- [Task requirements]:
Return every line of the data below exactly, but do not include the images.

- [Data shown]:
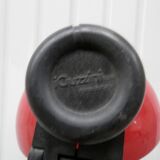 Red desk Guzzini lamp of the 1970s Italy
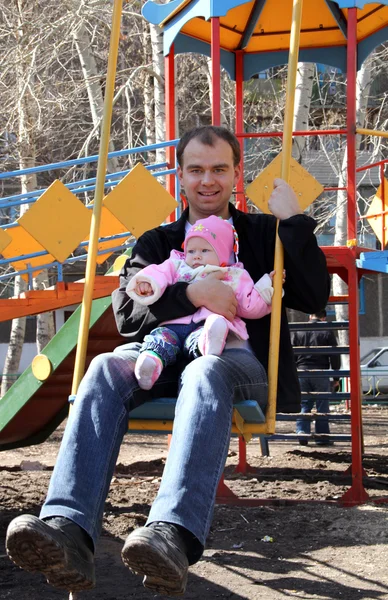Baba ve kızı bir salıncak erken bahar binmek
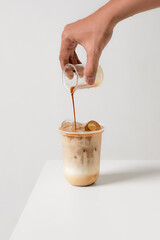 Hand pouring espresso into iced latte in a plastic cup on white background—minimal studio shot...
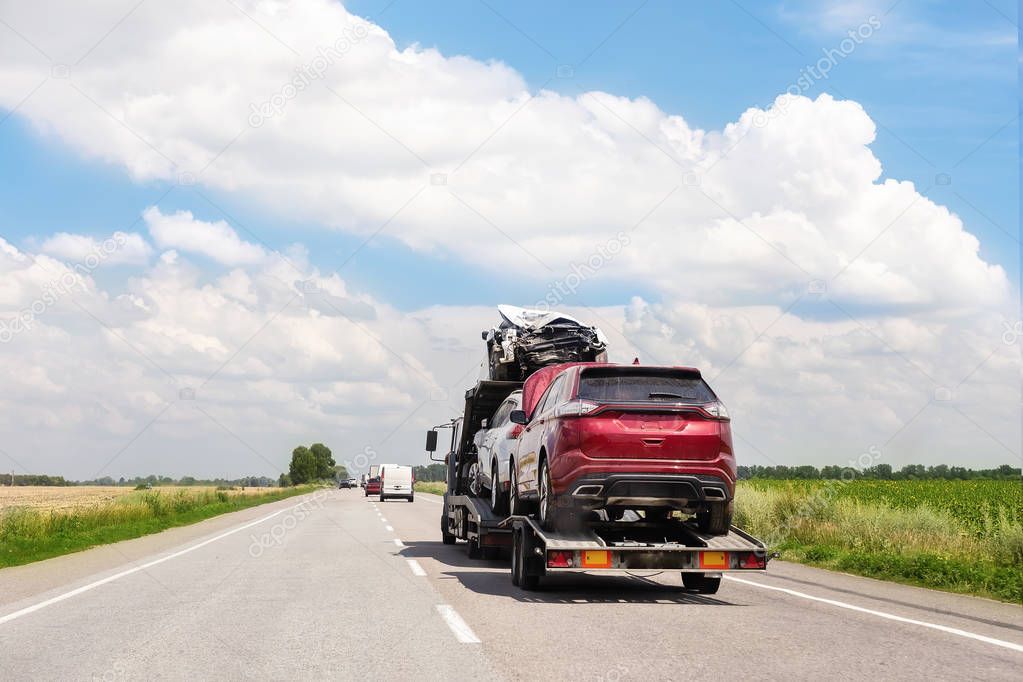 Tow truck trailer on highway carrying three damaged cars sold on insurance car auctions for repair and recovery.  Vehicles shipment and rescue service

- [Answer space]:
 Red desk Guzzini lamp of the 1970s Italy
Baba ve kızı bir salıncak erken bahar binmek
 Hand pouring espresso into iced latte in a plastic cup on white background—minimal studio shot...
 Tow truck trailer on highway carrying three damaged cars sold on insurance car auctions for repair and recovery.  Vehicles shipment and rescue service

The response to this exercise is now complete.